At least with “real” hunting, humans are generally the hunters, not the hunted. But when it comes to looking for work, unfortunately, the whole process is more like being the one getting shot.
I suspect it’s been this way for many years and is only getting worse, but especially in the challenging marketplace of today, trying to find work is a completely dehumanizing experience. It’s emotionally and physically draining, and if you haven’t experienced it, I recommend doing two things:
- Take a moment to say “Thanks,” and
- Prepare yourself for when your time arrives.
This is not a whiny post about how crappy it is to be unemployed, however. This is a post about what we can do about it.
I hear all sorts of conflicting reports about job creation. There are both reports of hope and tales of unbelievable horror, and because of this it’s hard to get a true picture of what’s really going on.
Here’s my thought: consider the “job market” like some kind of economic law of thermodynamics. Money, like energy, doesn’t ever really disappear; it has to go somewhere. But with the marketplace changing in such a tectonic way, it’s hard to know how to adapt.
The opportunity for reinventing how people get connected to jobs that fit their talents is a major challenge for us Revolutionaries.
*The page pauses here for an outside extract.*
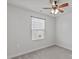 Bedroom with carpeted floor, ceiling fan, and window at 8798 Kenridge Ln, Fuquay Varina, NC 27526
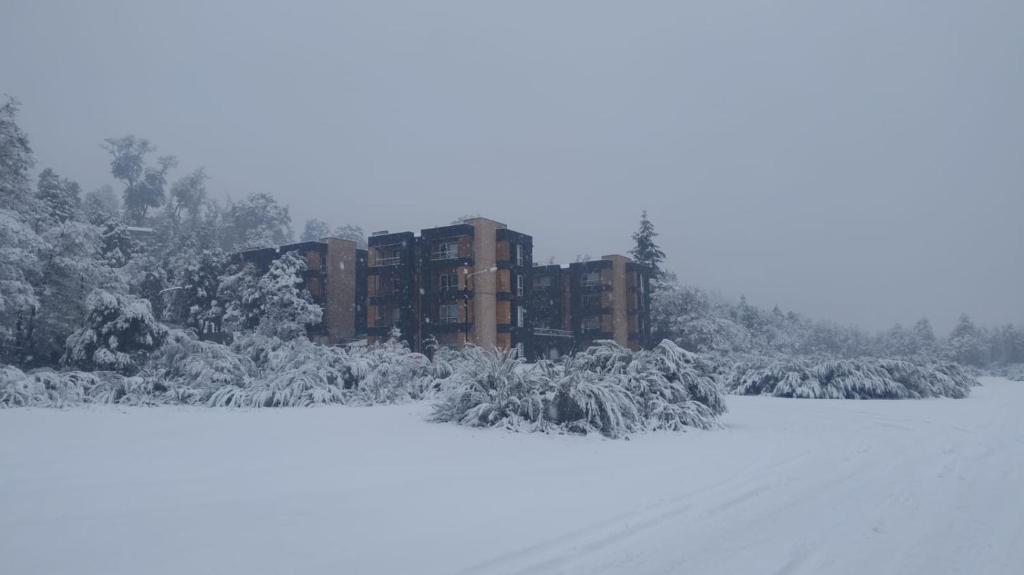 a building covered in snow next to a snow covered field at Viento azul in Villa La Angostura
As you well know if you’ve experienced the inhumanity, or watched someone close to you go through it, the process the way it is now is utterly, ridiculously broken. It can’t be allowed to continue.
But what do we do about it?
I tend to think re-educating ourselves is always a great place to begin, so first I recommend people read as much as possible from futurist-type thinkers like Seth Godin and Umair Haque. Developing your personal brand is also a very good step. (In that vein, please read Gary Vaynerchuk’s Crush It if you haven’t yet!)
Obviously reinventing the whole process will take time, and is a rather large task (although I think we’re up for it!). But where do you think we should start? What will YOU do?